Thursday, April 8, 2010
Personification in Children's Books
A teacher came in yesterday and asked me for examples of personification in picture books. The idea is to teach 5th graders about literary special effects, like onomatopoeia, personification, simile, metaphor, etc. I was like, oh great idea no problem. Then I was like, huh.
It was one of those reference questions that's harder than it sounds. I couldn't specifically remember whether certain books attributed human qualities and actions to non-humans.

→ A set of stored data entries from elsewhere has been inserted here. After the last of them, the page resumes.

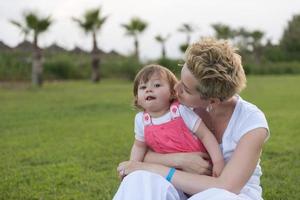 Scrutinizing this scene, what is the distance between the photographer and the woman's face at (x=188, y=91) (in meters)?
2.40

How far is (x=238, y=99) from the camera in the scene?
256cm

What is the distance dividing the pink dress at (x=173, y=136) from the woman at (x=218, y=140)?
0.06 metres

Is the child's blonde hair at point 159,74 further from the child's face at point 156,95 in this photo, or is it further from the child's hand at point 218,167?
the child's hand at point 218,167

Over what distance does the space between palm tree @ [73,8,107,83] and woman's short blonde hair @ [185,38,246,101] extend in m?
26.9

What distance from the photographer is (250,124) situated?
8.00ft

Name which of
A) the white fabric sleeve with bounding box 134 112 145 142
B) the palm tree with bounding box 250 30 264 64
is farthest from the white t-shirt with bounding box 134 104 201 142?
the palm tree with bounding box 250 30 264 64

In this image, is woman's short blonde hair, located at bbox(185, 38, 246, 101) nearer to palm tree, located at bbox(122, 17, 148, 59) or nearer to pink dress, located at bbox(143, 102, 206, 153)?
pink dress, located at bbox(143, 102, 206, 153)

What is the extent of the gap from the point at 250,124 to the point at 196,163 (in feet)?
1.05

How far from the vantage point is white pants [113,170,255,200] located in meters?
2.30

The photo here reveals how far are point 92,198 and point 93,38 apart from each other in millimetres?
25438

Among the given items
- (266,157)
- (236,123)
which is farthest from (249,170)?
(266,157)

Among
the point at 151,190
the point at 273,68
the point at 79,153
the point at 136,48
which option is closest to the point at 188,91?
the point at 151,190

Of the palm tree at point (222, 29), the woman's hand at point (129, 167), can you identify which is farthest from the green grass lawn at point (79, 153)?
the palm tree at point (222, 29)

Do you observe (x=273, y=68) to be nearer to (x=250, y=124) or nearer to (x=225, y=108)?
(x=225, y=108) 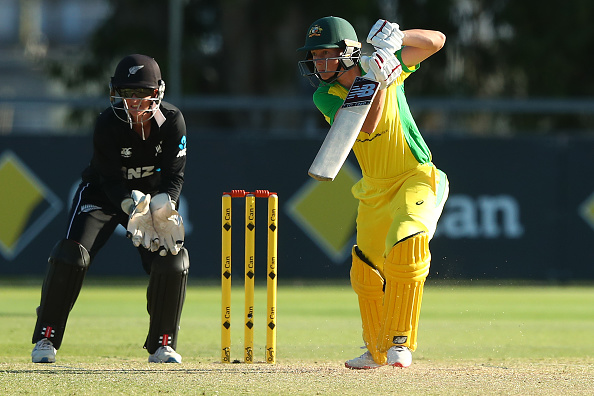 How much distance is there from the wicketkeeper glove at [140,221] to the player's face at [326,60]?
4.06 feet

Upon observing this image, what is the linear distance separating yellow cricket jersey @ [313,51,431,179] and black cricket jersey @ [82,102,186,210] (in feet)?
2.98

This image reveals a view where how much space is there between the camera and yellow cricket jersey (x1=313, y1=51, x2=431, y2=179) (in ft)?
19.0

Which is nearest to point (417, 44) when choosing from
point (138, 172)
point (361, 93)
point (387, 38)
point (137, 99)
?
point (387, 38)

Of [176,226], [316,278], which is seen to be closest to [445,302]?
[316,278]

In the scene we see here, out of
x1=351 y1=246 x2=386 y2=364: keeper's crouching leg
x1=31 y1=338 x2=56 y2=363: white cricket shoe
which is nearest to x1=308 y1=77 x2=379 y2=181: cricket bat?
x1=351 y1=246 x2=386 y2=364: keeper's crouching leg

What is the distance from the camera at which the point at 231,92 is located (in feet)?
60.8

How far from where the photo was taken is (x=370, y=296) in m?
5.98

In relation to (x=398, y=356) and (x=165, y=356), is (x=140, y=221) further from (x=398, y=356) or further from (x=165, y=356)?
(x=398, y=356)

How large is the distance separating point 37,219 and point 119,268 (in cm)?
113

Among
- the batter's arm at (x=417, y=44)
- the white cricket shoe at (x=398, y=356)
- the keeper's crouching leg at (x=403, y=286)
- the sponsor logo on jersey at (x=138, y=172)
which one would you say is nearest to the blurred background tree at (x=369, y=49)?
the sponsor logo on jersey at (x=138, y=172)

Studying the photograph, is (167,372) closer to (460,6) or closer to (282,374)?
(282,374)

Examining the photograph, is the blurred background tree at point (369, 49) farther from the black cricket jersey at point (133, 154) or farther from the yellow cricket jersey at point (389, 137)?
the yellow cricket jersey at point (389, 137)

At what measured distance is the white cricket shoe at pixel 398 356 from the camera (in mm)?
5617

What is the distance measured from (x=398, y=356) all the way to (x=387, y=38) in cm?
171
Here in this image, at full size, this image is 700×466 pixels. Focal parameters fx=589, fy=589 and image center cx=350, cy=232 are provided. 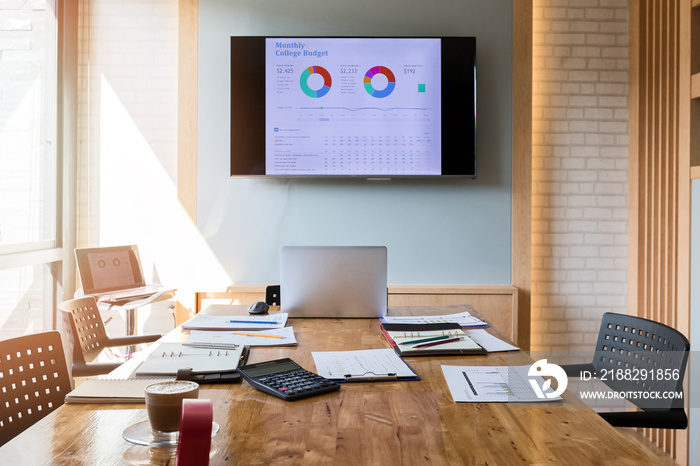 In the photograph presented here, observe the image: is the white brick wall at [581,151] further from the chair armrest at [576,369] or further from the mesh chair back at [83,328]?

What I was able to come up with was a list of things that are often personified in picture books: trains, toys, rain and wind. Animals, of course, but in children's books, toys and animals aren't just personified in the literary sense--they're given dialog. If they have faces, I think kids see them as characters rather than literary devices. Anyway, that was enough to get me started.
Here's what I gave her:
The Rainstomper by Addie Boswell, illustrated by Eric Velasquez. The rain and thunder are personified as the baton twirler's nemesis, but there are other examples as well--the flowers peek, the puddles shimmy.
The Curious Garden by Peter Brown. I'm a sucker for secret gardens and urban settings. In this book, a boy discovers a garden on an old train trestle and helps it grow until it decides to explore other parts of the city on its own, changing the gray industrial landscape to something that reminds me of the hanging gardens of Babylon.
Choo Choo by Virginia Lee Burton. Hopefully you still have an ancient copy of this one in your library. I'm not positive 5th graders are into vintage picture books, but this one is cute and spine-tingling. The destruction the runaway train causes gives me a falling feeling every time I read it. Oh, and obviously, the train is personified. You could also use The Little Engine that Could.*
Leaf Man by Lois Ehlert. I always imagine this one as a blues song. This book also suggests so many activities: leaf rubbing, nature walks, field guides, song writing. Then there are the gorgeous cutaway illustrations. Anyway, it's an example of personification that borders on transformation.
I'm sure there are others, but I think those will work with the teacher's plan of making lists of verbs and adjectives you can use to personify something. I just hope she doesn't want to do synechdoche next.
*I had no idea Loren Long did new illustrations for this in 2005! Sold!